PASQUALI E; GARCÍA-BORRÓN JC; FARGNOLI MC; GANDINI S; MAISONNEUVE P; BAGNARDI V; SPECCHIA C; LIU F; KAYSER M; NIJSTEN T; NAGORE E; KUMAR R; HANSSON J; KANETSKY PA; GHIORZO P; DEBNIAK T; BRANICKI W; GRUIS NA; HAN J; DWYER T; BLIZZARD L; LANDI MT; PALMIERI G; RIBAS G; STRATIGOS A; COUNCIL ML; AUTIER P; LITTLE J; NEWTON-BISHOP J; SERA F; RAIMONDI S; LITTLE J; CAINI S; HOFMAN A; KAYSER M; UITTERLINDEN AG; SCHERER D; HOIOM V; PASTORINO L; COCHRANE J; FERNANDEZ-DE-MISA R; MORLING N; JOHANSEN P; PFEIFFER R; KYPREOU K; BOWCOCK A; CORNELIUS L; COUNCIL ML; MOTOKAWA T; ANNO S; HELSING P; ANDRESEN PA; WONG TH; BERWICK M; BEGG C; ORLOW I; MUJUMDAR U; HUMMER A; BUSAM K; ROY P; CANCHOLA R; CLAS B; COTIGNOLA J; MONROE Y; ARMSTRONG B; KRICKER A; LITCHFIELD M; DWYER T; TUCKER P; STEPHENS N; GALLAGHER R; SWITZER T; MARRETT L; THEIS B; FROM L; CHOWDHURY N; VANASSE L; PURDUE M; NORTHRUP D; ZANETTI R; ROSSO S; ANTON-CULVER H; LEIGHTON N; GILDEA M; GRUBER S; BONNER J; JETER J; KLOTZ J; WILCOX H; WEISS H; MILLIKAN R; THOMAS N; MATTI

INTERNATIONAL JOURNAL OF CANCER. JOURNAL INTERNATIONAL DU CANCER.

JOHN WILEY & SONS INC

Lugar: New York; Año: 2015 vol. 136 p. 618 - 631

0020-7136

The MC1R gene is a key regulator of skin pigmentation.
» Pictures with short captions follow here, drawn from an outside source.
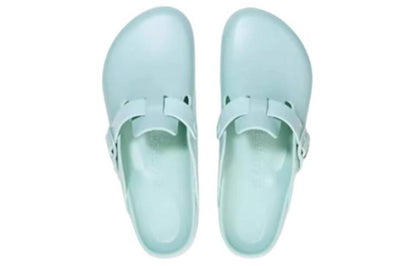 (WMNS) Birkenthtstock Boston EVA Sandals 'Surf Green' 1027385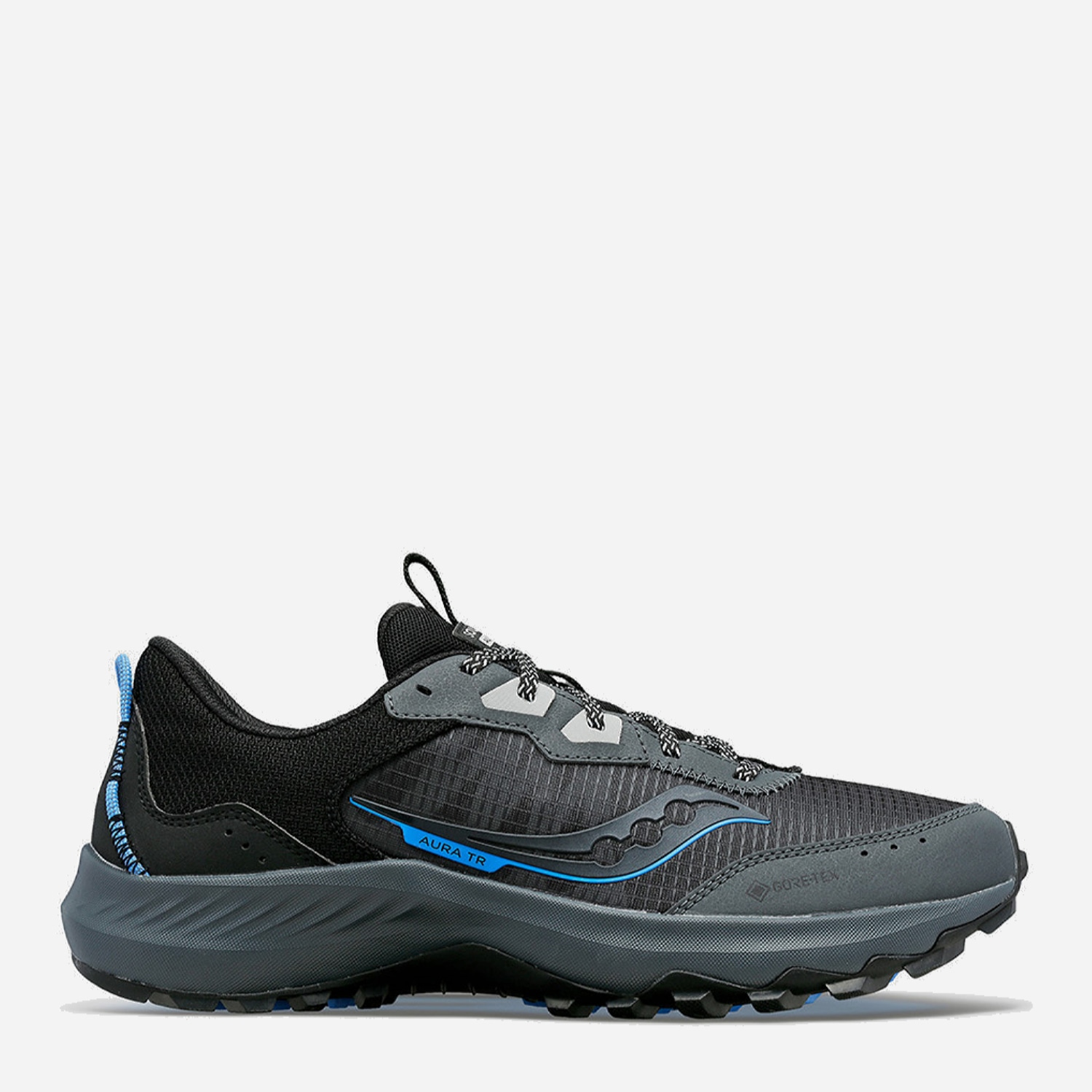 Акція на Чоловічі кросівки для бігу з Gore-Tex Saucony S20866-10 42.5 (9US) 27 см Shadow/Black від Rozetka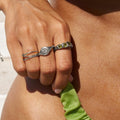 Vintage Peridot Silver Ring - Beautiful Earth Boutique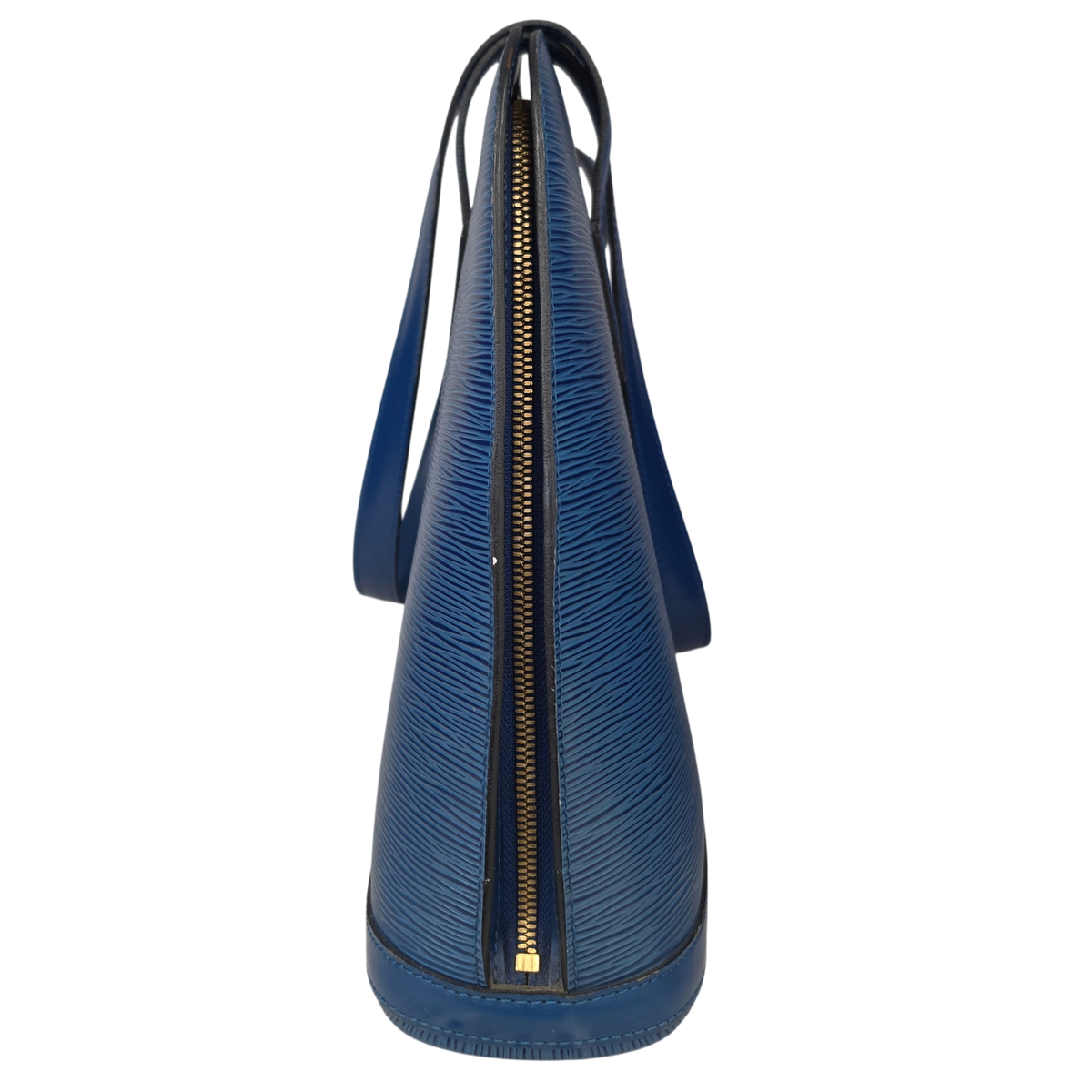 Louis Vuitton HandBag Epi M52285 Rank(B) Blue Scratch VI0936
We aimed to evaluate the association between MC1R variants and the risk of sporadic cutaneous melanoma (CM) within the M-SKIP project, an international pooled-analysis on MC1R, skin cancer and phenotypic characteristics. Data included 5,160 cases and 12,119 controls from 17 studies. We calculated a summary odds ratio (SOR) for the association of each of the nine most studied MC1R variants and of variants combined with CM by using random-effects models. Stratified analysis by phenotypic characteristics were also performed. Melanoma risk increased with presence of any of the main MC1R variants: the SOR for each variant ranged from 1.47 (95%CI: 1.17-1.84) for V60L to 2.74 (1.53-4.89) for D84E. Carriers of any MC1R variant had a 66% higher risk of developing melanoma compared with wild-type subjects (SOR; 95%CI: 1.66; 1.41-1.96) and the risk attributable to MC1R variants was 28%. When taking into account phenotypic characteristics, we found that MC1R-associated melanoma risk increased only for darker-pigmented Caucasians: SOR (95%CI) was 3.14 (2.06-4.80) for subjects with no freckles, no red hair and skin Type III/IV. Our study documents the important role of all the main MC1R variants in sporadic CM and suggests that they have a direct effect on melanoma risk, independently on the phenotypic characteristics of carriers. This is of particular importance for assessing preventive strategies, which may be directed to darker-pigmented Caucasians with MC1R variants as well as to lightly pigmented, fair-skinned subjects.